BEGIN Input material

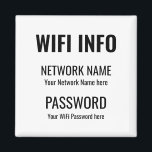 Imã Detalhes do WiFi Branco típico preto simples<br><div class="desc">Uma maneira prática de manter seus detalhes WiFi sempre à mão para visitantes em sua casa,  com este Magnet para sua geladeira,  com tipografia negra simplista em um fundo branco. Personalize facilmente com suas próprias informações de rede e senha.</div>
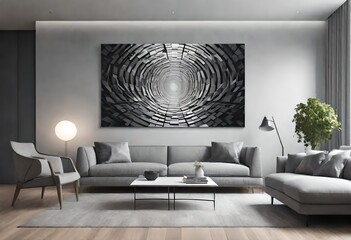 Minimalistic interior featuring bold abstract art piece, Stylish lounge area with eye-catching...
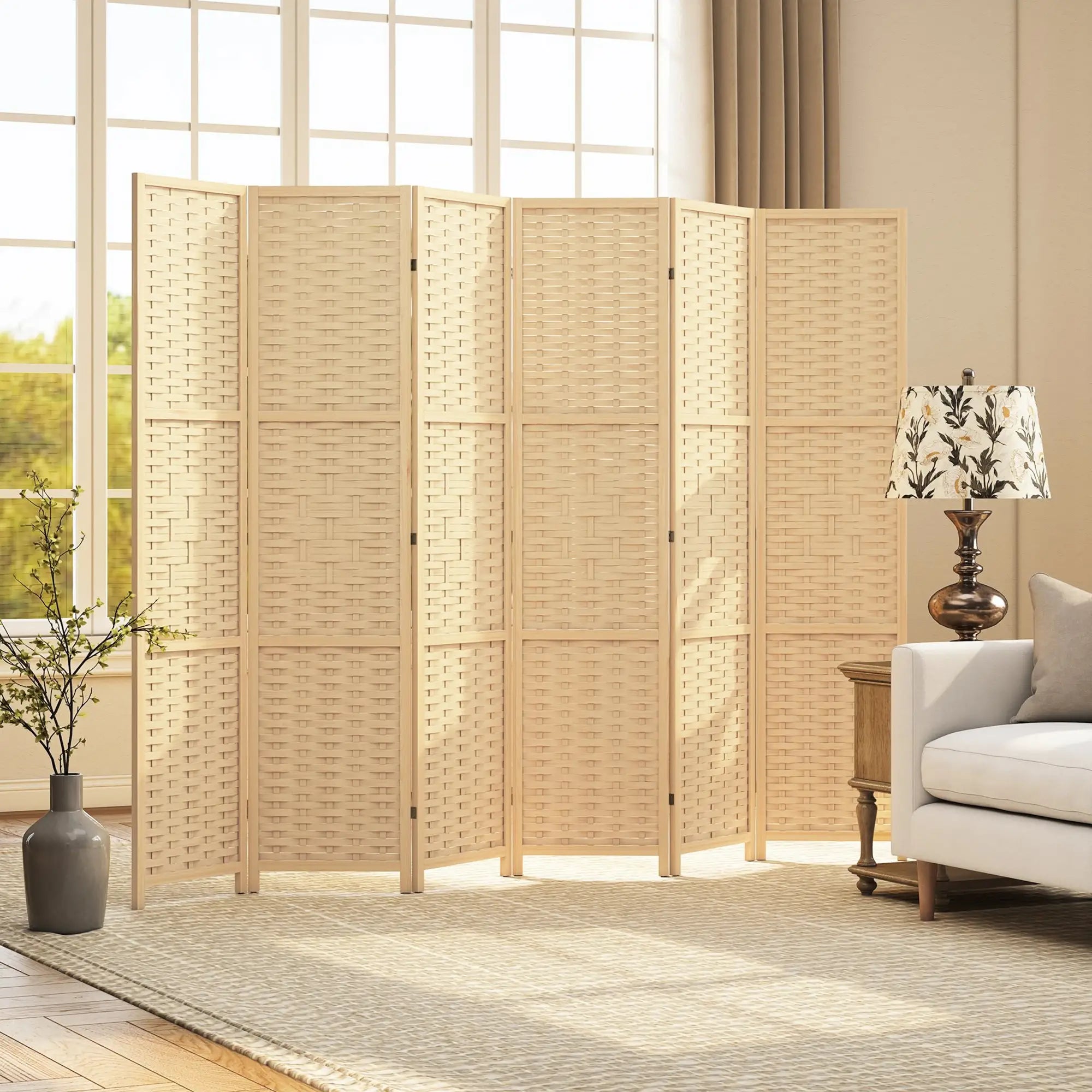 6-Panel Room Divider, 5.6 FT Freestanding Folding Privacy Screen, Natural Wood Room Dividers at Gallery Canada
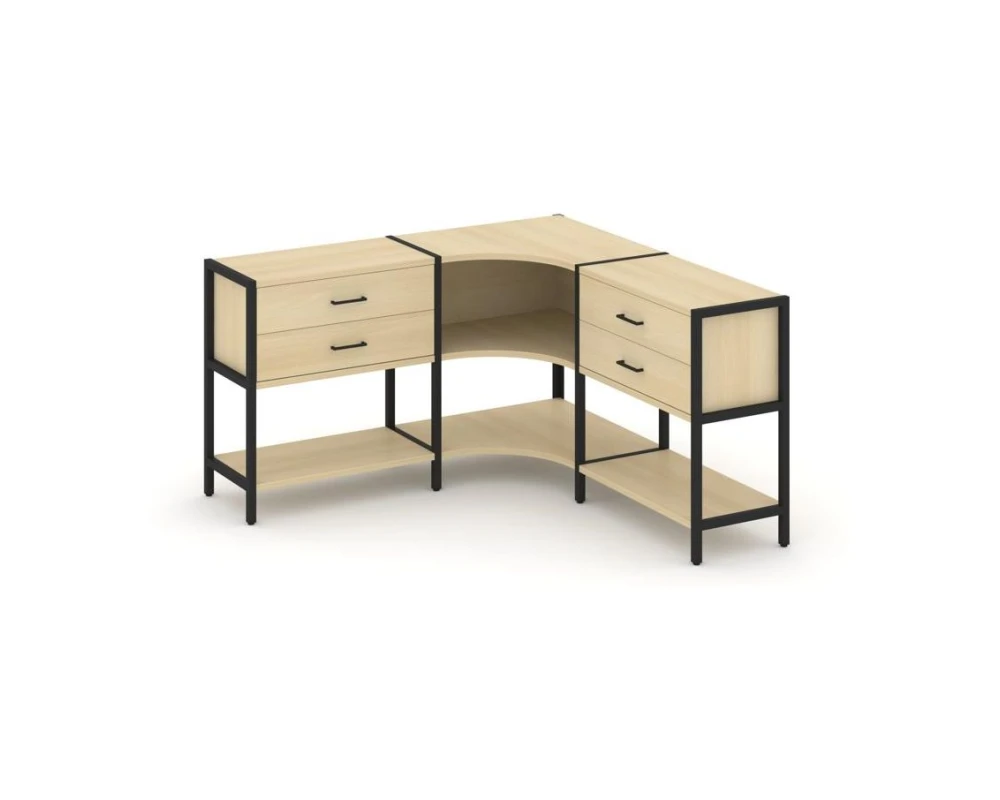 Трехсекционный угловой стеллаж двухярусный с ящиками 1590х1590х879 Шелф Систем / Shelf System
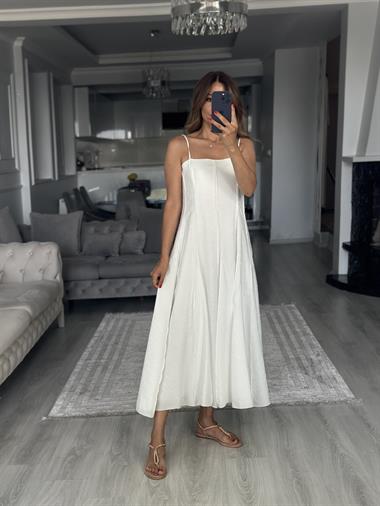 Beyaz Straplez Yaka İnce Askılı Midi Boy Kadın Elbise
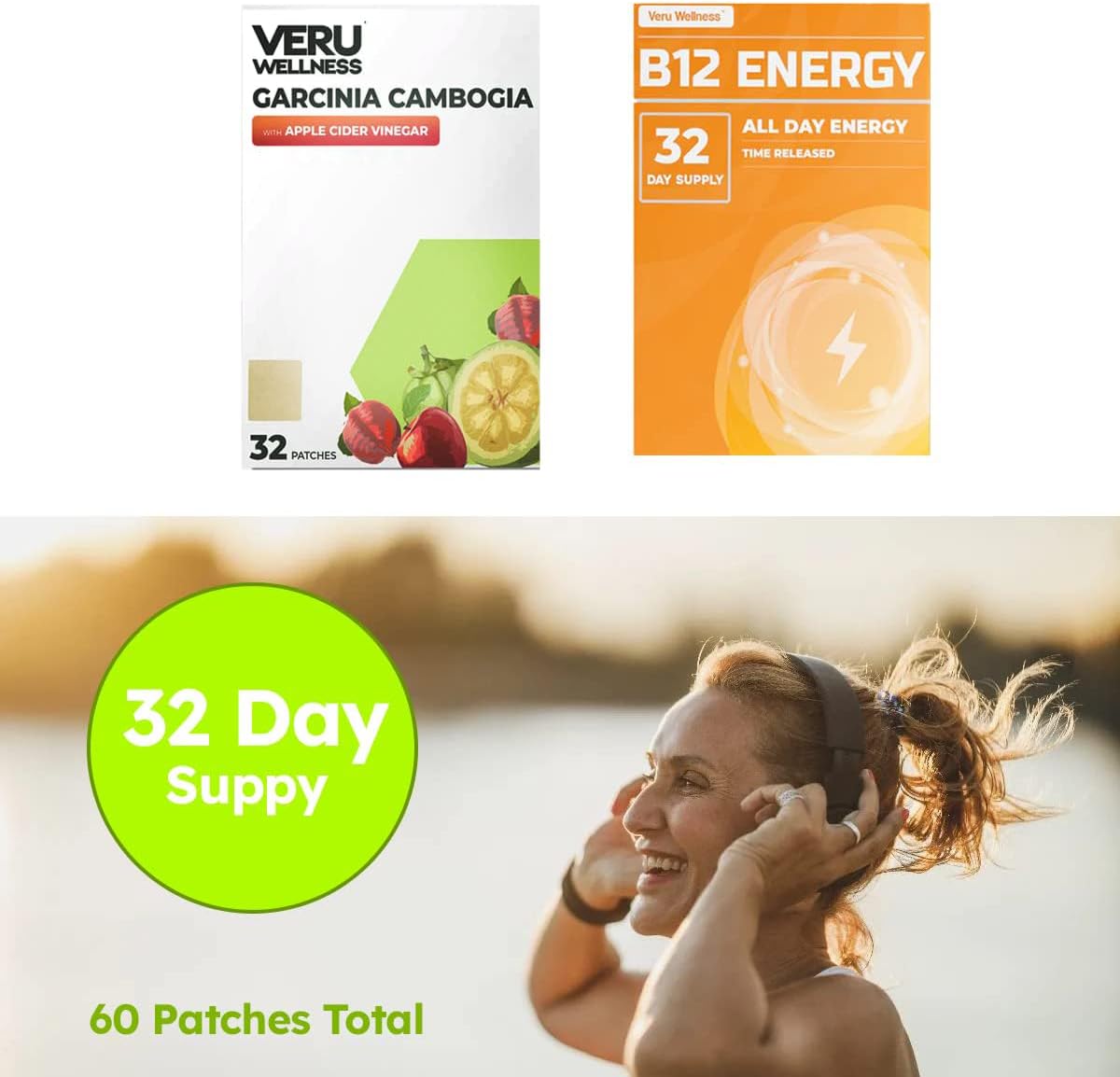 64 Count Veru Wellness Garcinia Cambogia Herbal Belly Patches - Natural Weight Loss Patch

END Input material

Work instruction
In the records above, find the line containing "6-Panel Room Divider, 5.6" and restate it and every line after it word for word, all pictures excluded.

Answer to the exercise
 6-Panel Room Divider, 5.6 FT Freestanding Folding Privacy Screen, Natural Wood Room Dividers at Gallery Canada
 Трехсекционный угловой стеллаж двухярусный с ящиками 1590х1590х879 Шелф Систем / Shelf System
 Beyaz Straplez Yaka İnce Askılı Midi Boy Kadın Elbise
 64 Count Veru Wellness Garcinia Cambogia Herbal Belly Patches - Natural Weight Loss Patch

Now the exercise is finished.